Picture of Bonus Step: Add a Vice

I bought an old wood working vice and adapted it to the bench. It was included in the build early on to make sure that it would fit.

It is an awesome complement and with careful planning, can be installed flush with the surface of the table top.

Step 8: Finally, Start Working on Some Projects

Picture of Finally, Start Working on Some Projects

This is my workbench at the moment. Made for my size, sturdy large and friendly. And good looking.

Many improvements can be made. I can finish with a stain, add a sliding holder, replace the table top with something thicker for holdfasts etc.

But for now am happy and proud with my own design and build.

Comments

Yonatan24 (author)2016-02-24

Hi, I've added your project to the "Make Your Own Workbench!" Collection

This is the link If you are interested:

https://www.instructables.com/id/Make-Your-Own-Work...

Grunambulax (author)2015-10-01

The joints are brilliant.

sickdog74 (author)2015-09-18

Those joints are amazing! Great work!

CJStephens (author)2015-09-18

Beautiful Joints! looks great!

seamster (author)2015-09-16

Those joints are phenomenal! So beautiful. Great looking finished table!

maluco (author)seamster2015-09-16

Cheers :D

RuudvandeLooij made it! (author)2015-09-16

That's a great looking workbench.
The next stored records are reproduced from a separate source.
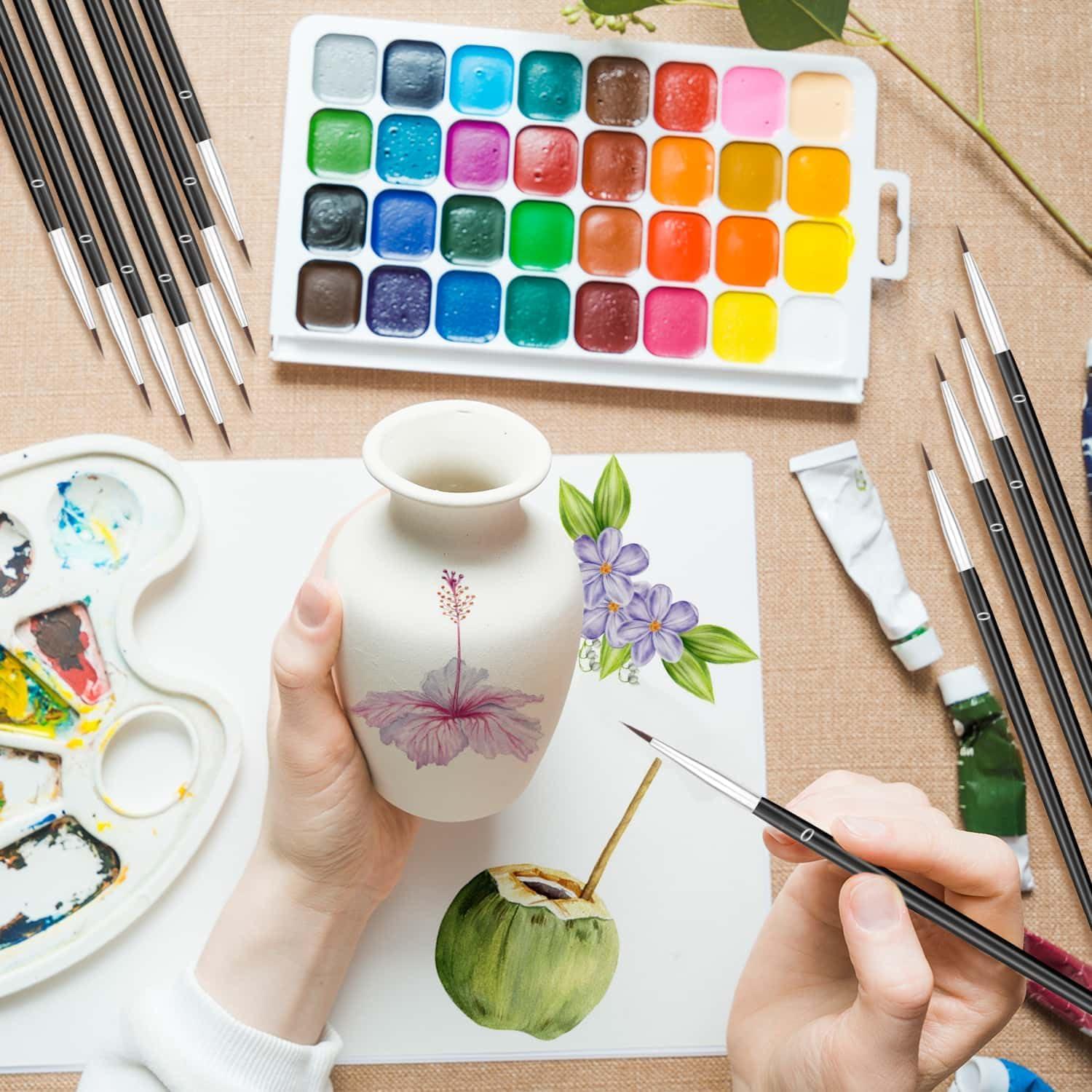 Anezus 30 Pinceles Finos #0 para Acuarela y Acrílico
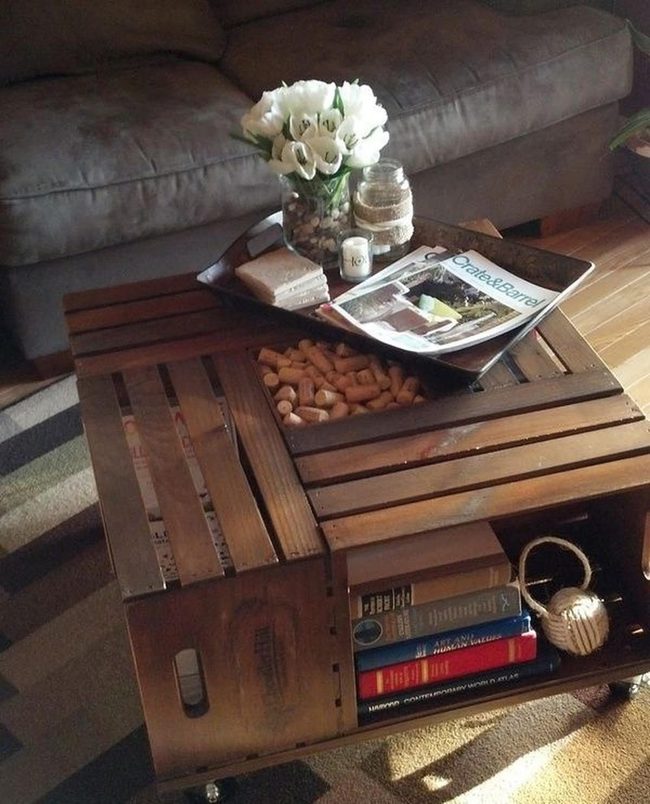 Cork-Inlay Wood Coffee Table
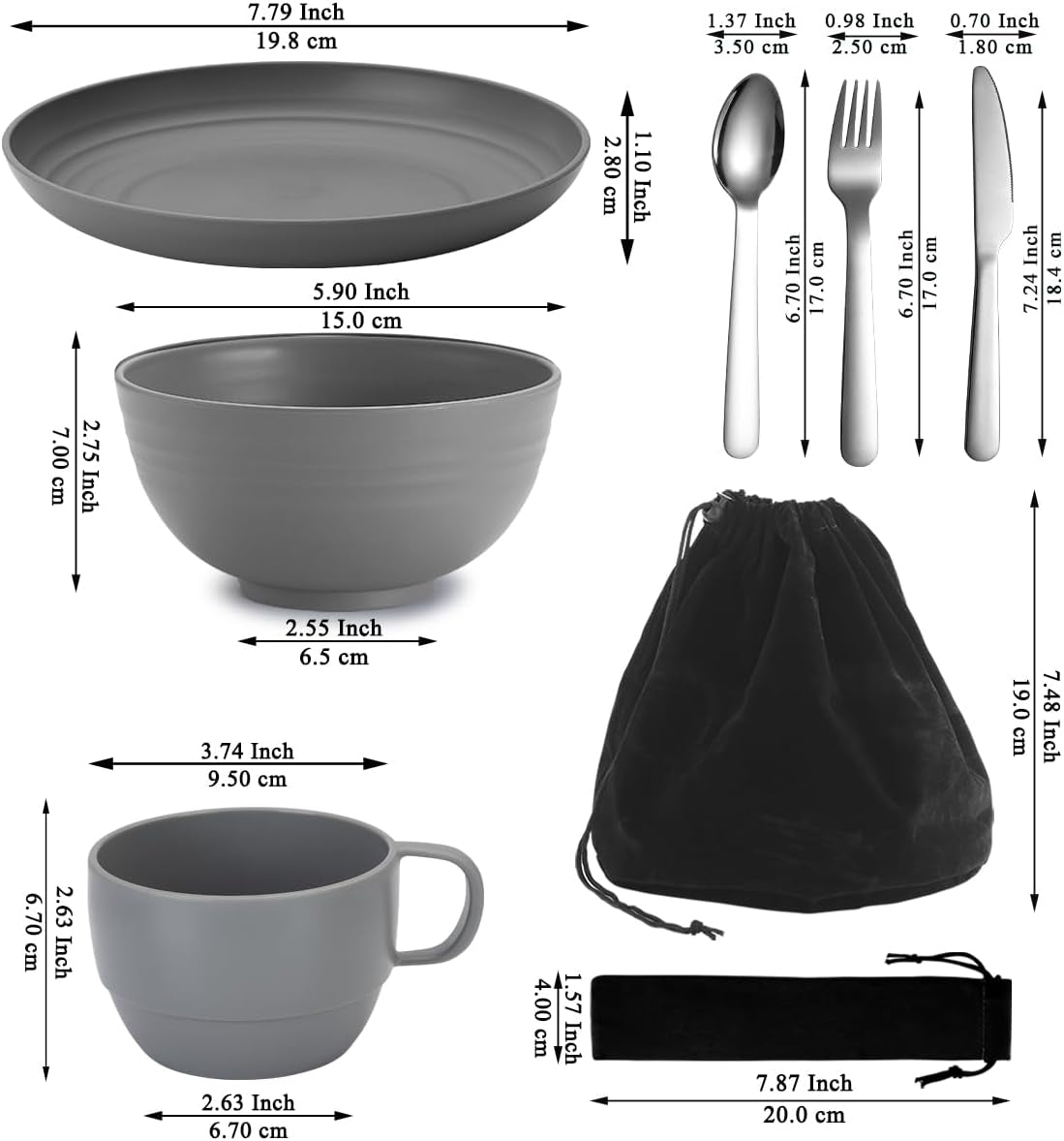 Camping Mess Kit for Two: Complete Silverware Set with Spoons, Forks, and Knives - Essential Gear for Travel, Picnics, and Outdoor Adventures - Lightweight and Easy to Clean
I'm finishing my modular laminated plywood workbench at the moment. But that woodcarving is a great idea. I'm definitely carving my initials on my bench. Just finished the test a little smaller than the final version(s) will be. So maybe a little early for an 'I Made it!', but 'I Made it!'

maluco (author)RuudvandeLooij2015-09-16

Nice job ! Worth it I reckon.

MoTinkerGNome (author)2015-09-16

I love your dove tails. I have been looking for an interesting design to make an Island for MRS Tinkergnome and I may just have to incorporate them. Those are GORGEOUS!

maluco (author)MoTinkerGNome2015-09-16

Well, thank you for the compliment. Have fun with the build !

jbrauer (author)2015-09-16

Nice work, I like that shoulder plane, and the dovetail design. I did some white oak table skirts that have a through-tenon going one direction, then a tusk tenon at a right angle through that. But I never tried locking dovetails together like that, looks tricky.

maluco (author)jbrauer2015-09-16

It is tricky, in appearance only. Large dovetails like that are easier to cut than small ones in my opinion. Might be overly complicated, but then I looked at Japanese joinery used in temples and furniture, and it blew my mind away. Their average level of 3 axis joinery is amazing, even at small (furniture) scale. In the case of a fat workbench, it's only a bit of work but in the end it fits and holds.

BCDesign (author)2015-09-03

nice job on those joints they look great!

maluco (author)BCDesign2015-09-03

Thanks. I was told I must have had too much spare time to work on them. It took hours, especially as it was pretty much my first real dovetail experience, but it is so totally worth it.